Modify ../cpp/CMakeLists.txt as follows:

cmake_minimum_required(VERSION 3.4.1)

set(CMAKE_VERBOSE_MAKEFILE on)

# Set the main directory for resources CMAKE_CURRENT_SOURCE_DIR represents the directory where the current CMakeLists.txt is located
set(lib_src_DIR ${CMAKE_CURRENT_SOURCE_DIR})

# Set the temporary directory for CMake compiled files
set(lib_build_DIR $ENV{HOME}/tmp)

# Create lib_build_DIR directory
file(MAKE_DIRECTORY ${lib_build_DIR})

# Add subdirectory
add_subdirectory(${lib_src_DIR}/jsoncpp ${lib_build_DIR}/jsoncpp)

Modify ../app/build.gradle as follows:

apply plugin: 'com.android.application'

android {
    ...
    defaultConfig {
        ...
        externalNativeBuild {
            cmake {
                // It's best to have this name match the one set in ../cpp/jsoncpp/CMakeLists.txt
                targets 'jsoncpp'
            }
        ...
        }
    }
    ...
    externalNativeBuild {
        cmake {
            path 'src/main/cpp/CMakeLists.txt'
        }
    }
}

Note: Clicking Build/Make Project (or Make Module ‘app’) will create a new export folder in the project root directory, which will store the required headers and so dynamic libraries.

After building, it looks like this:

Both so and header files are generated, but when writing the ../cpp/jsoncpp/CMakeLists.txt file, we also found that exporting the required header files to the specified directory was a bit cumbersome.

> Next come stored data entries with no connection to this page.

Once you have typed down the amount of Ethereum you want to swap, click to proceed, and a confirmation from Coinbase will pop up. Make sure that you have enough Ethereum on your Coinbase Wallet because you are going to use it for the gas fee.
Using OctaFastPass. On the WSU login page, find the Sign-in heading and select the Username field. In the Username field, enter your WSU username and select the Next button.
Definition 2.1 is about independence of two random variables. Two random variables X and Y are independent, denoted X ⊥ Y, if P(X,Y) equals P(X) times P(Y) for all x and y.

If we were to write code, a for loop could handle it. So, can we achieve something similar in CMakeLists.txt? Of course, we can! The final modification is as follows:

cmake_minimum_required(VERSION 3.4.1)

set(CMAKE_VERBOSE_MAKEFILE on)

add_library(
        jsoncpp 
        SHARED
        src/json_tool.h
        src/json_reader.cpp
        src/json_valueiterator.inl
        src/json_value.cpp
        src/json_writer.cpp
        src/version.h.in)

set(export_dir ${CMAKE_CURRENT_SOURCE_DIR}/../../../../../export)

set_target_properties(
        jsoncpp
        PROPERTIES LIBRARY_OUTPUT_DIRECTORY "${export_dir}/libsojsoncpp/lib/${ANDROID_ABI}")

add_custom_command(
        TARGET jsoncpp POST_BUILD
        # Export all files in the src/json folder to ${export_dir}/libsojsoncpp/include/json/ folder
        COMMAND "${CMAKE_COMMAND}" -E copy_directory "${CMAKE_CURRENT_SOURCE_DIR}/src/json" "${export_dir}/libsojsoncpp/include/json/")

Delete the previously generated export folder and rebuild to find that it works. OK, the dynamic library can compile successfully. Now, logically, the static library should be the same. Let’s try to compile the static library.

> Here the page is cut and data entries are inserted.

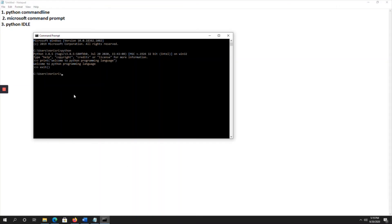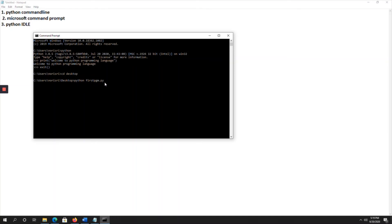I saved the file on the desktop. In the Command Prompt, type 'cd desktop' to navigate there. Then type 'python first_pgm.py' — using the filename with the .py extension — and press enter to run the script.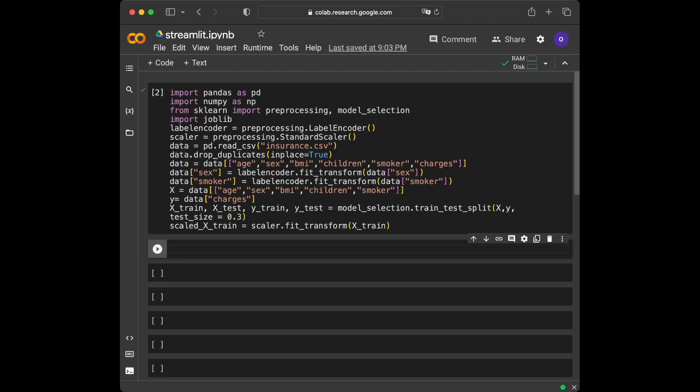In this video, I am not going to cover data analysis or finding the best performing model, hyperparameter tuning, etc. I already did this, and I am just going to train the model with the best performing algorithm and directly create the Streamlit app.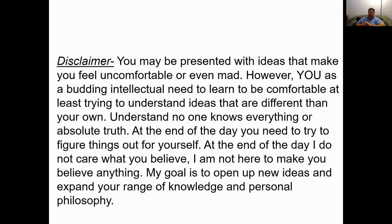I don't expect any of you to feel uncomfortable or mad, but we're going to talk about evolution. If you came from a background where you were kept from learning about evolution, you might be bothered — but it doesn't mean you have to change your religious beliefs. Understanding things will affect how you see the world. No one knows everything or has absolute truth; at the end of the day, I care about good arguments, thoughtful discussion, and legitimate intellectual pursuit.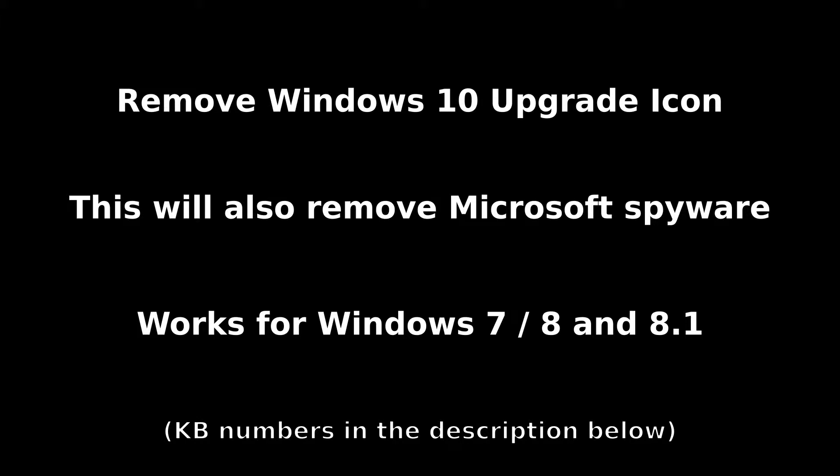Okay, so before I get started, I should probably just mention this is not going to change your ability to have Windows 10. You still have till the end of June next year to download and update to Windows 10 for free. Everything that I'm going to show you here can be undone relatively easily. So let's get started.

Compiling a Static Library

Based on the premise of compiling the above so dynamic library, modify ../cpp/jsoncpp/CMakeLists.txt as follows:

cmake_minimum_required(VERSION 3.4.1)

set(CMAKE_VERBOSE_MAKEFILE on)

add_library(
        jsoncpp
        # Change the library type from SHARED to STATIC
        STATIC
        src/json_tool.h
        src/json_reader.cpp
        src/json_valueiterator.inl
        src/json_value.cpp
        src/json_writer.cpp
        src/version.h.in)

set(export_dir ${CMAKE_CURRENT_SOURCE_DIR}/../../../../../export)

set_target_properties(
        jsoncpp
        # Change LIBRARY_OUTPUT_DIRECTORY to ARCHIVE_OUTPUT_DIRECTORY
        # for easier viewing of the generated a file directory, modify libsojsoncpp to libajsoncpp
        PROPERTIES ARCHIVE_OUTPUT_DIRECTORY "${export_dir}/libajsoncpp/lib/${ANDROID_ABI}")

add_custom_command(
        TARGET jsoncpp POST_BUILD
        COMMAND "${CMAKE_COMMAND}" -E copy_directory "${CMAKE_CURRENT_SOURCE_DIR}/src/json" "${export_dir}/libajsoncpp/include/json/"
)

After completing the modifications, Build/Make Project (or Make Module ‘app’) will generate in the Project/export directory:

This completes the compilation of .a static libraries and .so dynamic libraries.

Consolidate the so dynamic library, a static library, and the corresponding header files into one folder. Since this article is based on the previous one, these files are placed as shown below:

They are placed in the Project/export folder, with so and a separated into their respective folders, and each folder has an include folder for the required header files, while the lib folder contains the so and a library files.

Linking so Dynamic Library

First, let’s link the familiar so dynamic library, and then we will link the a static library.

• Preparation

1. Delete the jsoncpp folder in ../app/src/main/cpp to prevent using source code instead of the library (for those who followed the second article and copied the source code into the project).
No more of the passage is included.